Top of DATA PROVIDED

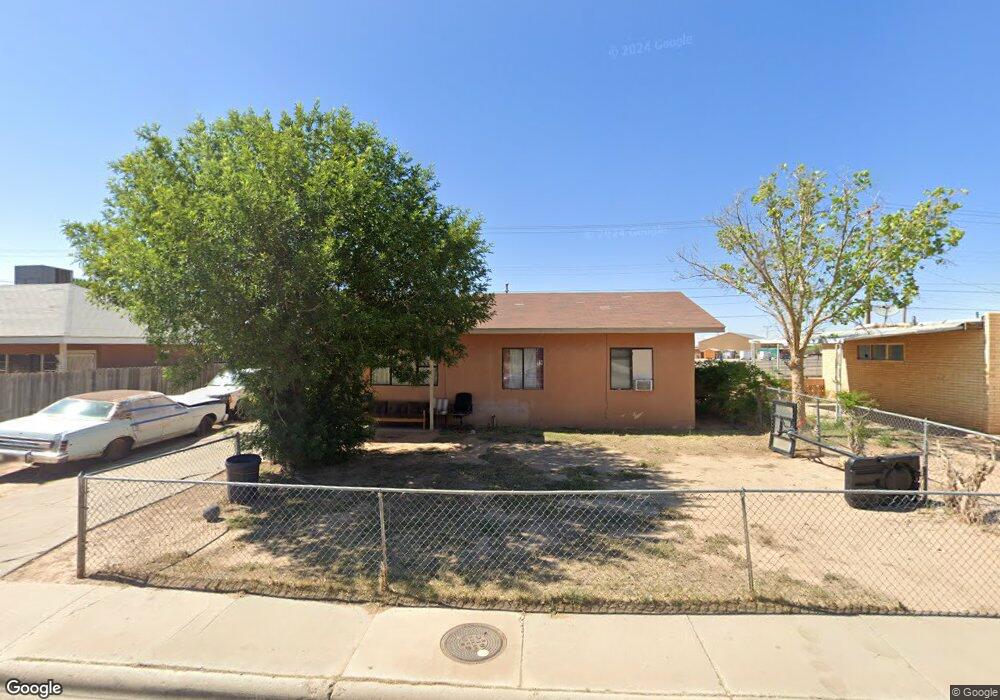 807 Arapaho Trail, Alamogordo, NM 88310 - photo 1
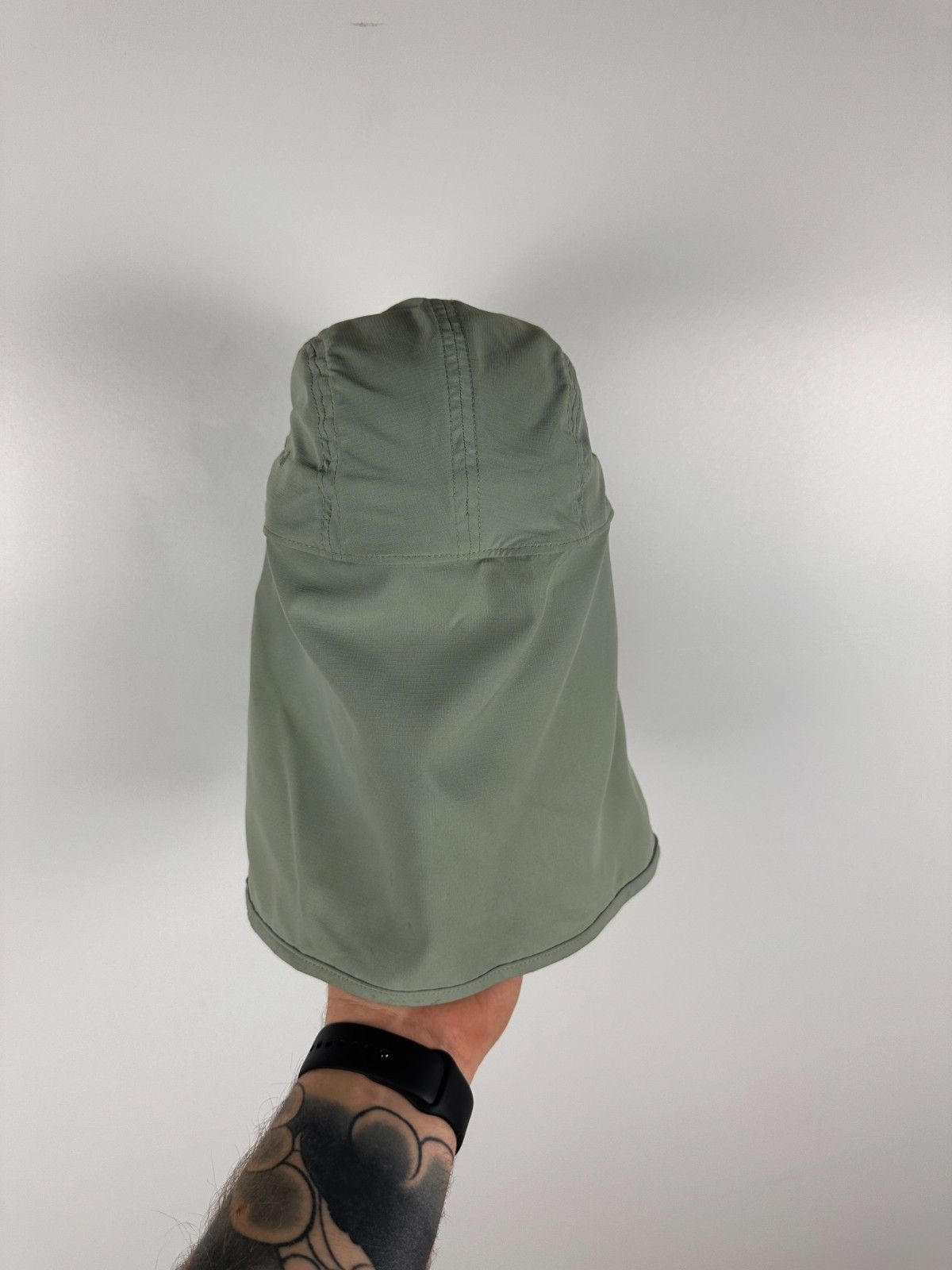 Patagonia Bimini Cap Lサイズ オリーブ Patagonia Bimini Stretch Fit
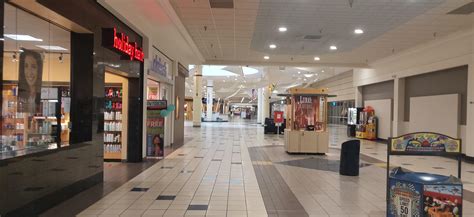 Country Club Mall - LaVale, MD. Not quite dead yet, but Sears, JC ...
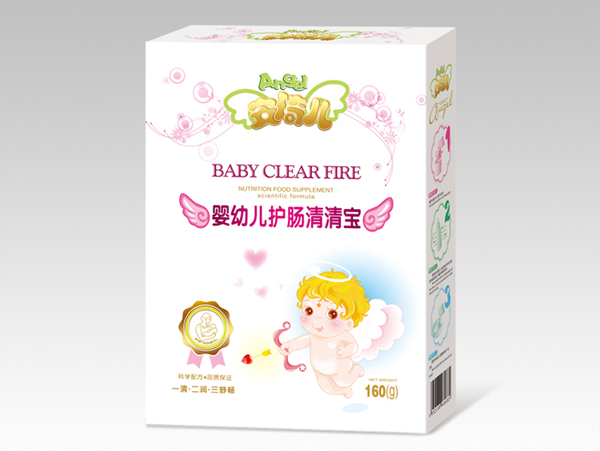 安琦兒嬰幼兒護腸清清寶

Bottom of DATA PROVIDED

**WHAT IS BEING ASKED**. Write the data above out again exactly, minus its pictures.

**COMPLETED TASK**.
 807 Arapaho Trail, Alamogordo, NM 88310 - photo 1
 Patagonia Bimini Cap Lサイズ オリーブ Patagonia Bimini Stretch Fit
 Country Club Mall - LaVale, MD. Not quite dead yet, but Sears, JC ...
 安琦兒嬰幼兒護腸清清寶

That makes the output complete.